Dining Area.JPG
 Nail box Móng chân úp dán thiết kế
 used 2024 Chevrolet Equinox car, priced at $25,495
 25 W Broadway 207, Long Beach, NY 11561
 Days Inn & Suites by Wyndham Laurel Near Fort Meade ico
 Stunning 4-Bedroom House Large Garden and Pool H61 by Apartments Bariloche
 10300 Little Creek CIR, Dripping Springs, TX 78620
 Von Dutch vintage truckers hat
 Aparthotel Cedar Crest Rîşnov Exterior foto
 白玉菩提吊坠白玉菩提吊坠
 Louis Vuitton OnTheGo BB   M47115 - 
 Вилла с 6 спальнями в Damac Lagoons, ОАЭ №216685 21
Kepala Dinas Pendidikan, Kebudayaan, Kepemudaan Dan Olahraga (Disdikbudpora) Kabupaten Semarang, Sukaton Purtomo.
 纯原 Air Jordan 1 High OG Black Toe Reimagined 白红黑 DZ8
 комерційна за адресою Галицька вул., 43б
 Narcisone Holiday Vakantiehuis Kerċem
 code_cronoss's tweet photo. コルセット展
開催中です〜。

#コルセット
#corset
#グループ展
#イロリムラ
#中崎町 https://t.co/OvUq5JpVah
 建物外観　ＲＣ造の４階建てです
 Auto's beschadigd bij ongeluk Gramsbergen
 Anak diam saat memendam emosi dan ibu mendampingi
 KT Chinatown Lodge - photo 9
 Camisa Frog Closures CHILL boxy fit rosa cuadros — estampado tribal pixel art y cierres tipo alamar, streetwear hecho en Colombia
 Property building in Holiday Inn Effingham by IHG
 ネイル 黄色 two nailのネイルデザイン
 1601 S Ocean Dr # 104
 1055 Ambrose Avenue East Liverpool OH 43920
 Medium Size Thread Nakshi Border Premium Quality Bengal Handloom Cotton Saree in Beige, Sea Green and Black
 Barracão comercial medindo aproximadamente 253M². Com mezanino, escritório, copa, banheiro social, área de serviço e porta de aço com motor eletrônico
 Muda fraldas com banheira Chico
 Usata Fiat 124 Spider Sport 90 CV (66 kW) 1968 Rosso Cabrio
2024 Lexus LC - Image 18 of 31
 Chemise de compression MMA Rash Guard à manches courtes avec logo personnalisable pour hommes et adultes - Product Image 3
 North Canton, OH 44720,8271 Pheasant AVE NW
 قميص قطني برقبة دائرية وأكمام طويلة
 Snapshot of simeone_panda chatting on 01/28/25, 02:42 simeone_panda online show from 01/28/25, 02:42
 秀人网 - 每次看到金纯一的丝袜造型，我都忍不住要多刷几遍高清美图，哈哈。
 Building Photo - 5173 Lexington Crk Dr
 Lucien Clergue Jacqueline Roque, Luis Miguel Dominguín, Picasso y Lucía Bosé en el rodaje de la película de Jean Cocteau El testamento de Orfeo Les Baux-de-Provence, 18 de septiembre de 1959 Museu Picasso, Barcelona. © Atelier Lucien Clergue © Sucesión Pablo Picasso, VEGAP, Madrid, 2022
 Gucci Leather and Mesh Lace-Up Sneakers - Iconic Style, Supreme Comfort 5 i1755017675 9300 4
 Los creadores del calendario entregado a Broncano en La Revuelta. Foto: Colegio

++++++

About this exercise: Scan the listing for the string "Black", then copy every line where it appears.

Solution:
 纯原 Air Jordan 1 High OG Black Toe Reimagined 白红黑 DZ8
 Medium Size Thread Nakshi Border Premium Quality Bengal Handloom Cotton Saree in Beige, Sea Green and Black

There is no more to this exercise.